A Study of Tislelizumab in Combination With Investigational Agents in Participants With Non-Small Cell Lung Cancer

• ClinicalTrials.gov Identifier: NCT05635708
• Recruitment Status: Recruiting
• First Posted: December 2, 2022
• Last Update Posted: April 25, 2024
• Sponsor: BeiGene
• Information provided by (Responsible Party): BeiGene

Tracking Information

• First Submitted Date: November 23, 2022
• First Posted Date: December 2, 2022
• Last Update Posted Date: April 25, 2024
• Actual Study Start Date: March 7, 2023
• Estimated Primary Completion Date: July 2025 (Final data collection date for primary outcome measure)

Current Primary Outcome Measures (submitted: November 23, 2022)

Confirmed overall response rate (ORR) [ Time Frame: Up to 3 Years ]

ORR is defined as the percentage of participants with partial or complete response, as assessed by the investigator using the Response Evaluation Criteria in Solid Tumors (RECIST) Version (v)1.1

• Original Primary Outcome Measures: Same as current

Current Secondary Outcome Measures (submitted: January 5, 2024)

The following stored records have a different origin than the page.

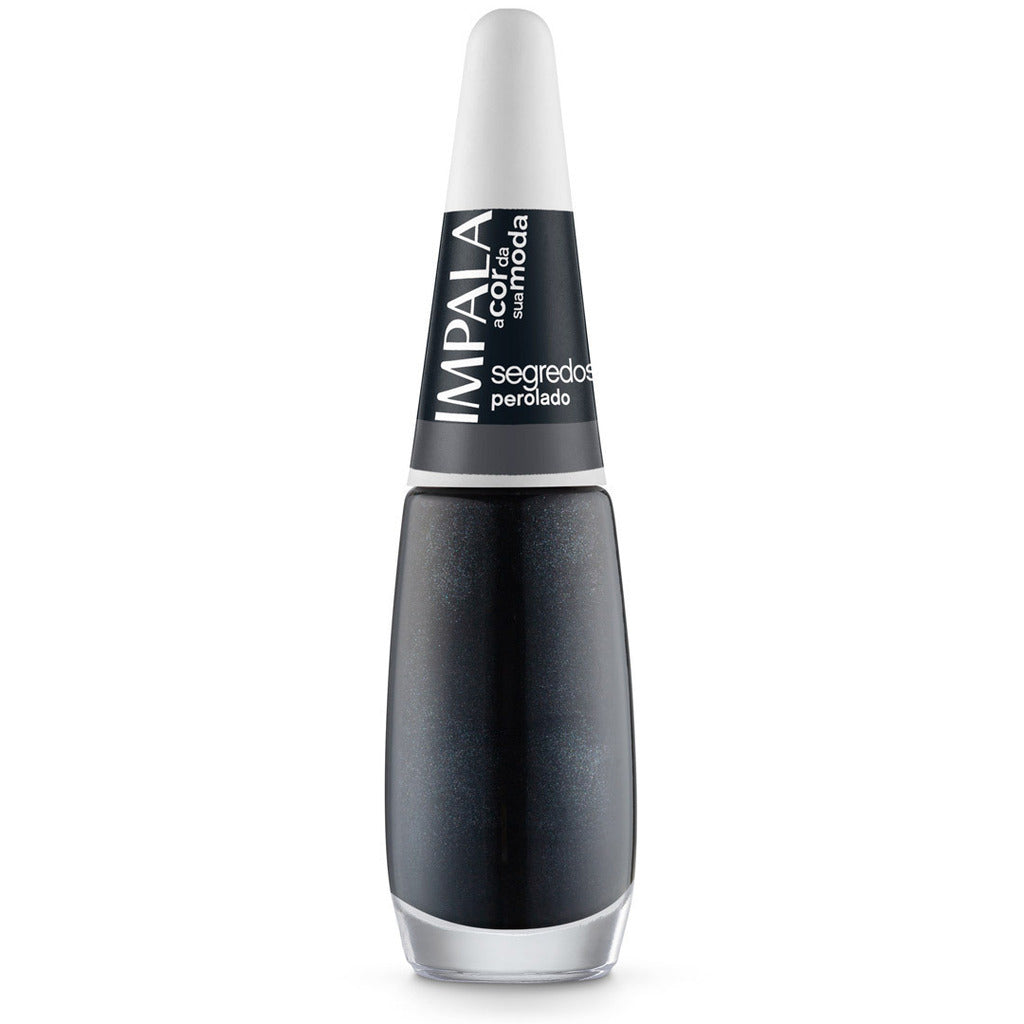 Esmalte Impala Segredos – A Cor da Sua Moda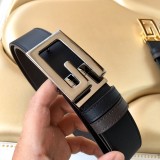 Gucci belt 3.5CM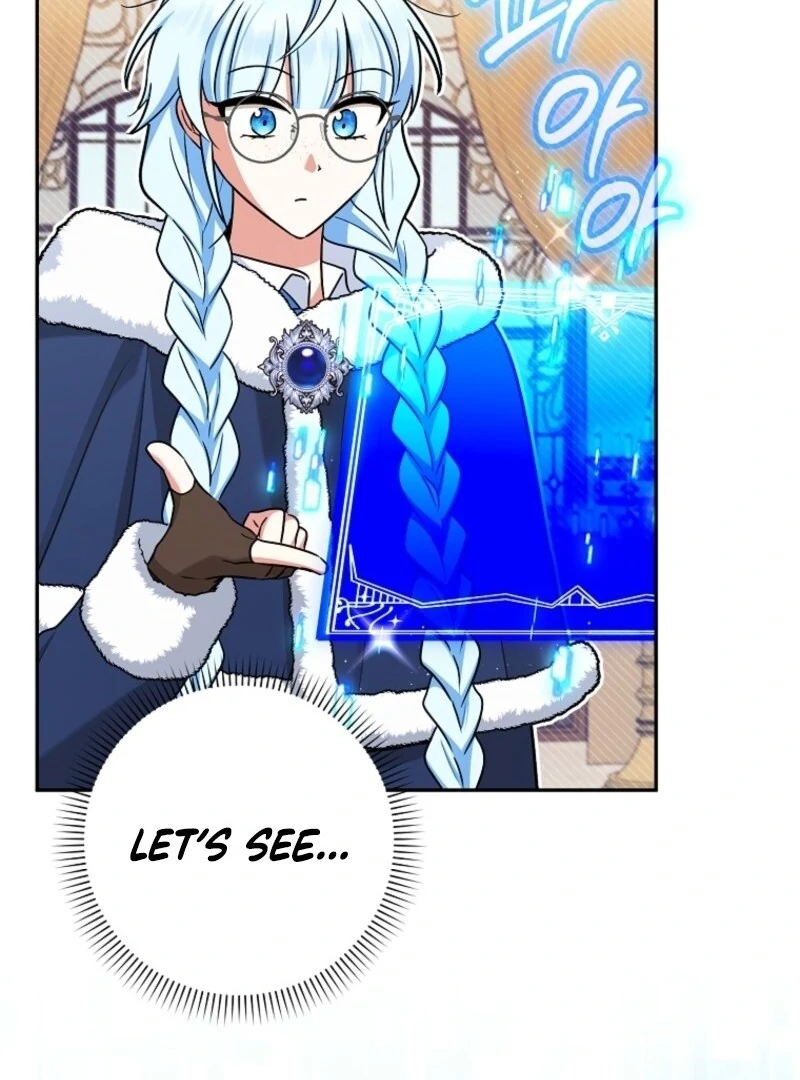 Deadlines are Raining in the Status Window chapter 64 page 54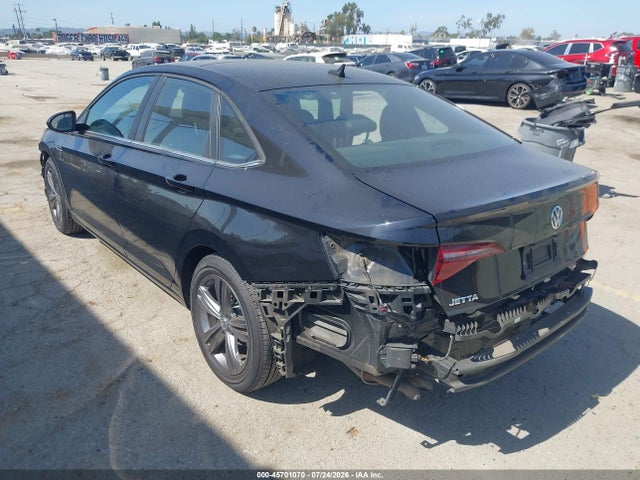 3VWC57BU4MM001224 Volkswagen Jetta 1.4t R-line/1.4t Se/s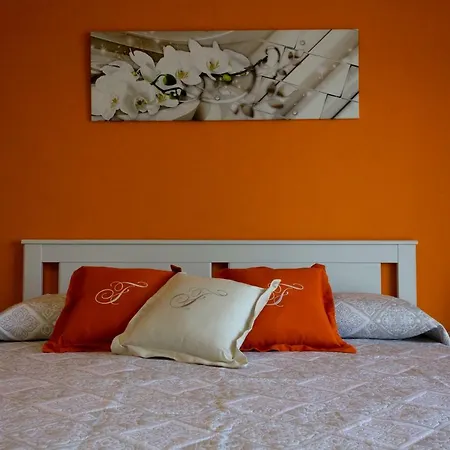 Ferienhaus Flower's *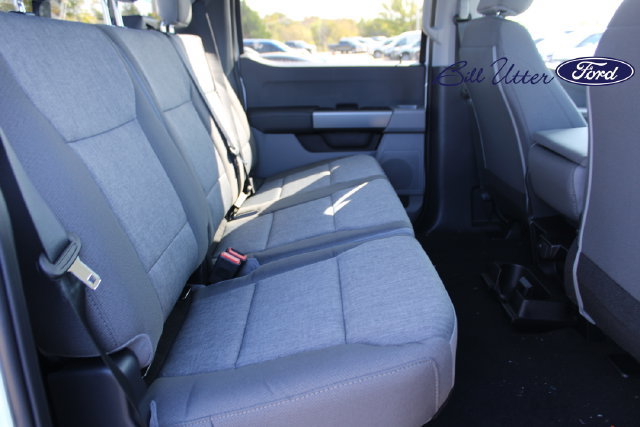 New 2026 Ford F250 XL w/ STX Appearance Package AWD/4WD image 8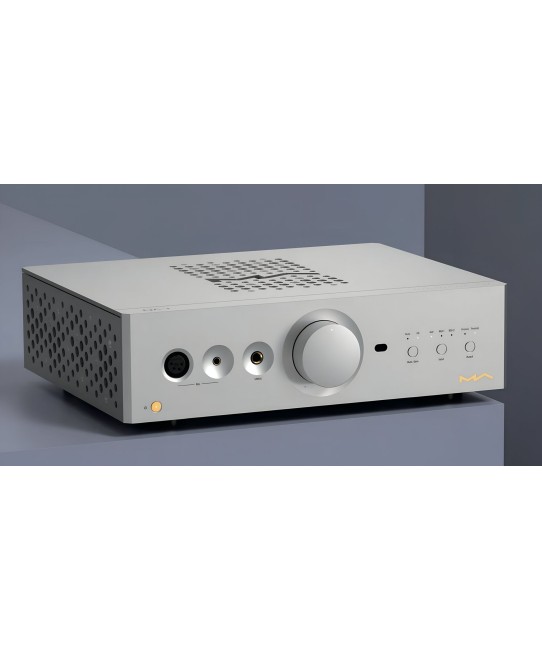 Matrix Audio NA-1 – Amplificatore per Cuffie Pure Class A 20W e Preamplificatore Matrix Audio - 7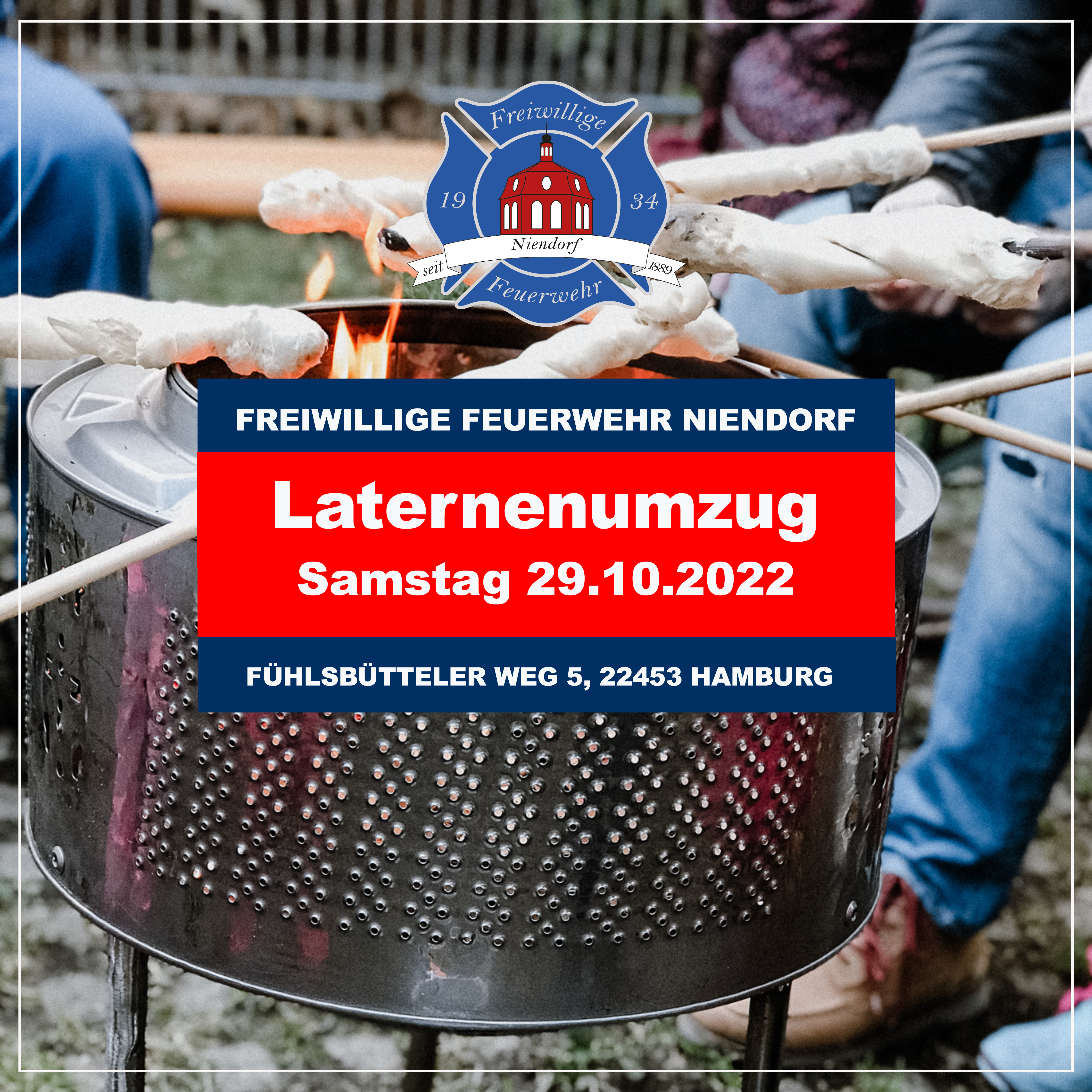 Laternenfest 2022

• Progression-free survival (PFS) [ Time Frame: Up to 3 Years ]
  PFS is defined as the time from date of randomization, or the first dose for safety lead-in participants , until first documentation of progression or death, whichever comes first, as assessed by the investigator using RECIST v1.
• Duration of Response (DOR) [ Time Frame: Up to 3 Years ]
  DOR is defined as the time from the first determination of a confirmed response per RECIST v1.1 until the first documentation of progression or death, whichever comes first as assessed by the investigator
• Clinical Benefit Rate (CBR) [ Time Frame: Up to 3 Years ]
  CBR is defined as the percentage of participants with a best overall response of a complete response, partial response, or durable stable disease, as assessed by the investigator using RECIST v1.1
• Disease Control Rate (DCR) [ Time Frame: Up to 3 Years ]
  DCR is defined as the percentage of participants with a best overall response of complete response, partial response, or stable disease, as assessed by the investigator using RECIST v1.1
• Number of participants with adverse events (AEs) [ Time Frame: Up to 3 Years ]
  Number of participants with treatment-emergent adverse events (TEAEs) and serious adverse events (SAEs), including laboratory values, vital signs, physical examination findings, and electrocardiogram results.
• Plasma or serum concentrations of tislelizumab [ Time Frame: Up to 30 days after last dose ]
• Plasma or serum concentrations of BGB-A445 [ Time Frame: Up to 30 days after last dose ]
• Plasma or serum concentrations of LBL-007 [ Time Frame: Up to 30 days after last dose ]
• Number of participants with anti-drug antibodies (ADAs) to tislelizumab [ Time Frame: Up to 30 days after last dose ]
• Number of participants with anti-drug antibodies (ADAs) to LBL-007 [ Time Frame: Up to 30 days after last dose ]
• Number of participants with anti-drug antibodies (ADAs) to BGB-A445 [ Time Frame: Up to 30 days after last dose ]
• Number of participants with anti-drug antibodies (ADAs) to BGB-15025 [ Time Frame: Up to 30 days after last dose ]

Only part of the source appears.